5) Invalidation of an entry in the page table

In a cluster Z, owner of process P, the kernel can invalidate an entry of PT(P,Z). It can occur in case of a lack of memory in cluster Z for example, or more simply in case of a munmap(). If the vseg concerned is a STACK vseg, the invalidated entry in PT(P,Z) must also be invalidated in the PT(P,K) of all other clusters. To do so, the kernel of cluster Z has to broadcast a PT_INVAL_BCRPC to all other active clusters of P.
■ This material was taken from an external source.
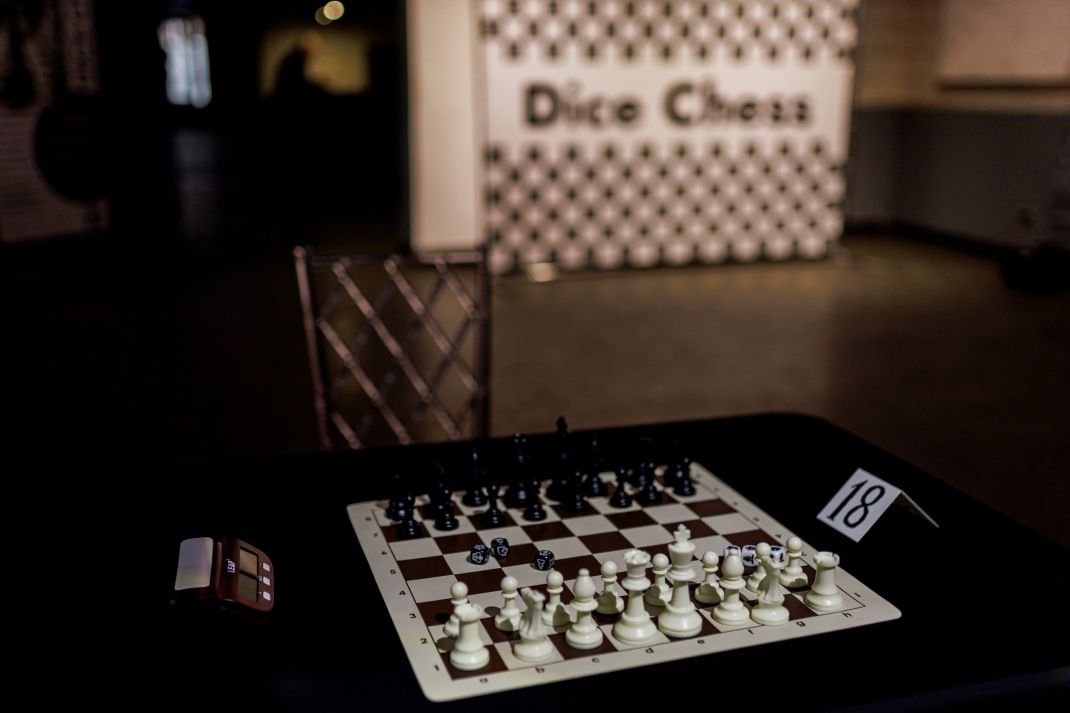 Play chess under the flag of the Kingdom of North Barchant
6) RPC broadcasts optimization

In a broadcast RPC, all recipient clusters have to signal the termination by atomically incrementing a response couner, which is polled by the initiator cluster. To reduce the number of receivers, a process P descriptor of owner cluster Z can keep four variables XMIN, XMAX, YMIN, YMAX defining the minimal rectangle covering all active clusters of P at any time. In this case, a broadcast RPC has to be sent only to (XMAX - XMIN + 1) * (YMAX - YMIN +1) recipients. These variables are updated upon each thread creation.
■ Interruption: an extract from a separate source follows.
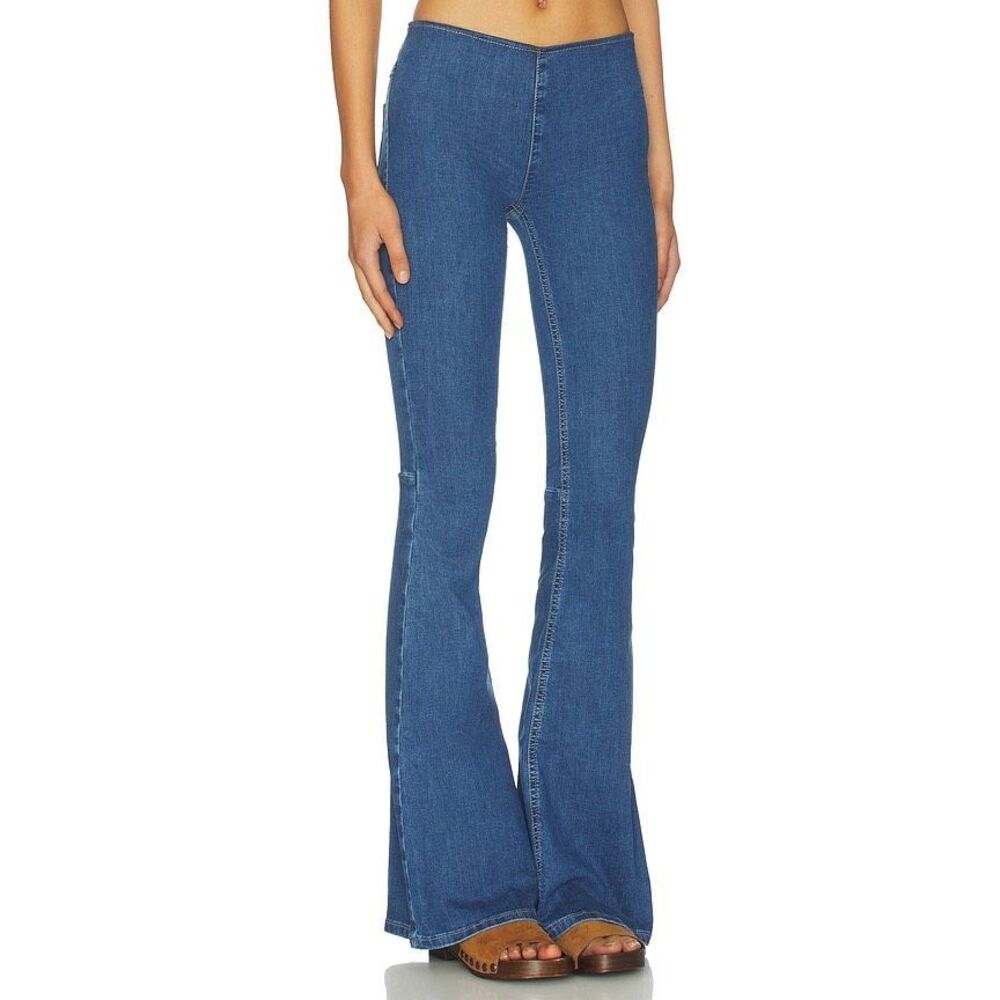 Free People Penny Pull On Bell Bottom Flare Jeans size 25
7 ) Page fault handling optimization

To reduce the number of RPC triggered by page faults, the kernel of a cluster X detecting a page fault can use a remote_read() in the PT(P,Z) table of the reference cluster insteadof a PT_MISS_RPC. In this case, however, a multi-reader lock must be used in order to avoid an inconsistent state in cas of a PT_INVAL_BC_RPC simultaneous transaction initiated by cluster Z. This lock must be systematically taken by the owner cluster before a PT_INVAL_BC_RPC and by the other clusters before a remote_read(). It ensures that a PT_INVAL_RPC should be launched only after the termination of all current remote_read(). It guarantees that no new remote_read() will be accepted before the completion of the PT_INVAL_RPC.